Percal, Naviera, Golondrina y Alauda,
eran cuatro corazones perdidos en el naufragio de la espera, bajeles a la
deriva sin brújula y sin rosa de los vientos. Ellas, y otras mujeres que rondaban
el lugar, venían al muelle de Los Adioses urgidas por la ilusión de un regreso.
Alauda, gaviota de mar y acantilado, se había casado con un gallardo navegante
de cabellos rubios. Viajaron en luna de
miel en un crucero por el Mediterráneo; muy enamorados, un día de abril se
dijeron un hasta luego que el tiempo volvió eterno. Nació una niña a quien llamó
Esperanza, como las aceitunas en los ojos del apuesto capitán.

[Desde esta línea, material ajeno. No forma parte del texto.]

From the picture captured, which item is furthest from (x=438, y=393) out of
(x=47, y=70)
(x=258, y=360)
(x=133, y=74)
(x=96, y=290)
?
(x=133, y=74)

En los primeros días de mayo, Alauda, empacó sus pertenencias,
liquidó la cuenta en el hotel, caminó hacia la estación del tren, miró el viejo
escaño y el farol que aun proyectaba luces de sombras melancólicas, entre la
arboleda de tamarindos florecidos; dio una larga mirada de piratería al muelle
de Los Adioses, se detuvo a observar cómo zarpaba un barco entre el celaje, lo
vio alejarse y perderse a la distancia, murmuró muy quedo un verso de Meira del
Mar: “de tanto quererte mar, se me ha vuelto marinero el corazón”.